Coluna | Periscópio
Wender Reis
Pedagogo e Orientador Social, curioso observador de tudo que causa espanto no mundo.
Sinal Vermelho: quando estudantes viram mendigos
16/02/2017


"Ei moço, tem uma moeda aí pra me dar?" "Não. Não tenho não." "Qualquer coisa." "Não mesmo... em que vestibular você passou?" "Física, na USP." "Parabéns." "Obrigado."

O roteiro já se naturalizou e é cumprido fielmente, semestre após semestre, por jovens ingressantes em universidades públicas Brasil a fora. Como nos permitimos aceitar e reproduzir tais tradições? Uma performance que perpetua contrastes sociais a ignorância coletiva, o ópio da nossa hipocrisia. 

Em Varginha, no semáforo da principal avenida do centro, rapazes e moças, recém aprovados no ensino superior público, celebram sua conquista pedindo uma "esmolinha". Os colegas os despojam dos sapatos, os garotos ficam sem camiseta e todos têm os rostos e os braços pichados por tinta ou ovo e farinha. Dividem espaço com aqueles que pedem esmola por uma carência real, prática, que contraria a carência que os filhos da abundância têm, que é de sentido. Divertem-se e demonstram muito prazer na brincadeira, que na sua ingenuidade reflete nossa desumanidade. 

Como pedagogo, com a indignação domesticada, corroboro para que o rapaz que estudará física na maior universidade do país chegue ao ensino superior ignorando o seu redor e sambando na cara da sociedade, intervenção urbana, que é o espetáculo do fracasso da nossa educação. A Física, ciência que estuda a natureza e seus fenômenos, procura a compreensão científica dos comportamentos naturais e gerais do mundo em torno de nós, das mínimas partículas ao universo como um todo. Certamente esse rapaz domina muito bem a linguagem matemática, o instrumento científico fundamental da física, mas não compreende a desigualdade social, o "fenômeno" que nas periferias faz barracos desafiarem a gravidade, que entre várias outras tragédias, faz a população carcerária do Brasil ser a 3ª maior do mundo. Português, Matemática, História, Geografia, e todas as outras, fracassam geração após geração, não fazendo entender o contexto da aplicação de suas matérias. 

Por que tal trote que passam e se sujeitam a passar não pode ser mais criativo? Se não optam por doar sangue nem investir parte do tempo em uma atividade comunitária qualquer, por que não realizam uma atividade artística ou cultural dentro da própria escola ou universidade? Se a razão de ser do trote é expor os futuros universitários a uma situação humilhante, porque não os colocam para cantar, dançar ou representar, mesmo que não saibam fazer isso? Ou por que não pedem esmolas dentro de suas futuras universidades, lugares onde os pobres de verdade não podem entrar? Por que, meu deus, esses trotes não podem ter uma conotação política, com críticas e reivindicações? 

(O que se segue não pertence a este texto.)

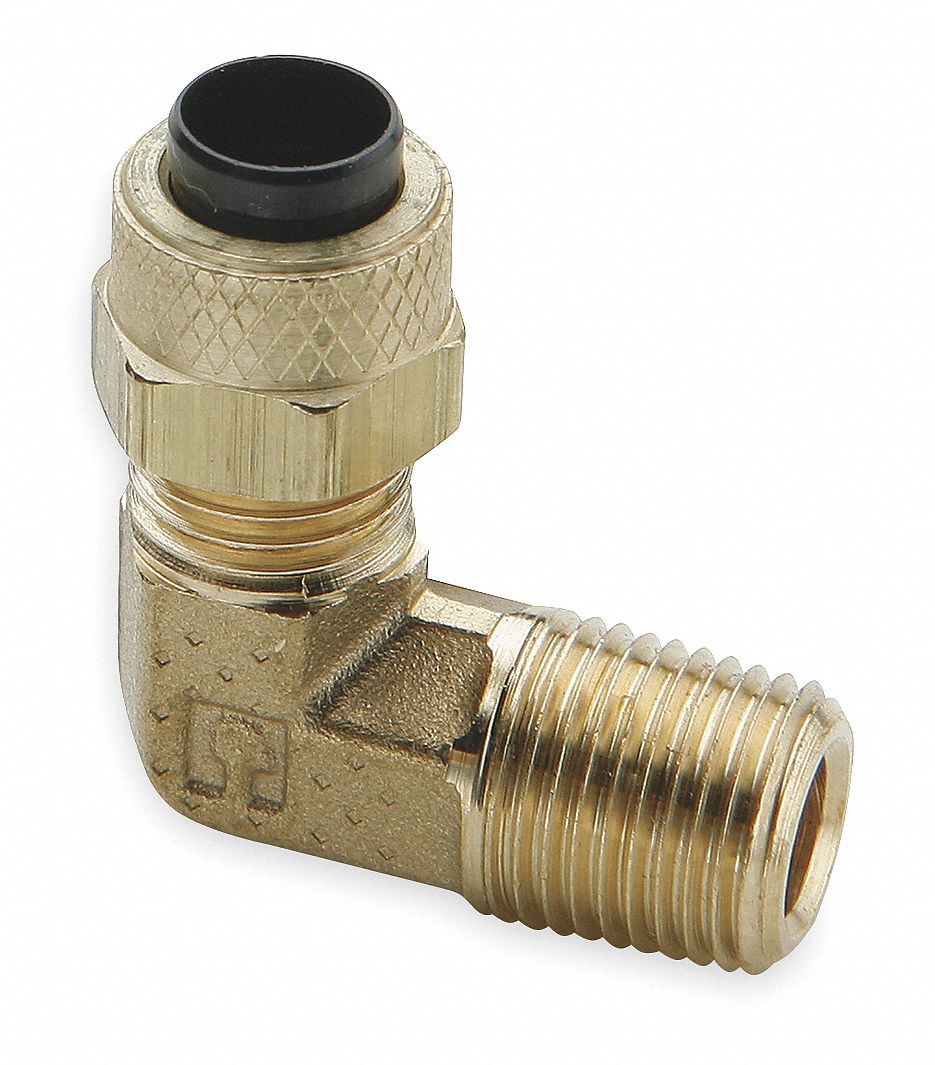 Male 90Deg Elbow, 1/4 In, Br, 150 psi, PK 10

O clique touch screen na tela do celular para gravar o rito de passagem faz uma fotografia da nossa pobreza social: o jovem de classe mais favorecida, que cursou o ensino regular em escolas particulares, inquestionavelmente melhores que as públicas, ingressa no ensino superior em universidades públicas, inquestionavelmente melhores que as particulares. 

Se querem "brincar de pobre" me permito sugerir duas opções como alternativa a ir para o semáforo. 

1ª: levem um pobre de verdade para 'brincar de rico", ao menos por um dia que seja. Banho, roupa nova, um tour pelo comércio para umas comprinhas, cinema, uma noite em alguma boate classe A...

2ª: pouco mais ousada, e por isso mesmo, gosto mais: pegar um por um dos príncipes e princesas boa pinta que estão tirando onda de pobre, tirar os seus celulares, dinheiro e documentos, soltá-los numa periferia, às dez horas da noite, para vê-los se virar em um ambiente adverso ao habitual conforto de seus bairros-condomínio.

Mas reconheço, de nada adianta toda essa ladainha. As semanas vão passar, mais jovens, os ricos e os "nova classe média", que por sua vez merece uma reflexão a parte, confirmarão resultados positivos e o semáforo da Avenida Rio Branco será palco para eles. O que preocupa é que a ignorância social dessa juventude anuncia nosso futuro: pessoas ocupando cargos no poder, políticos, diretores de universidades, juízes, administradores de hospitais e pior, muitíssimo pior, nas escolas ensinando nossos filhos, sobrinhos e netos. 

E claro, esse futuro já é presente, não precisa esforço para observar o perfil de muitas pessoas que estão em destaque aqui em Varginha ou em qualquer canto do país. É fácil constatar que muitos deles foram nonsenses que anos atrás pediam esmola nos sinais.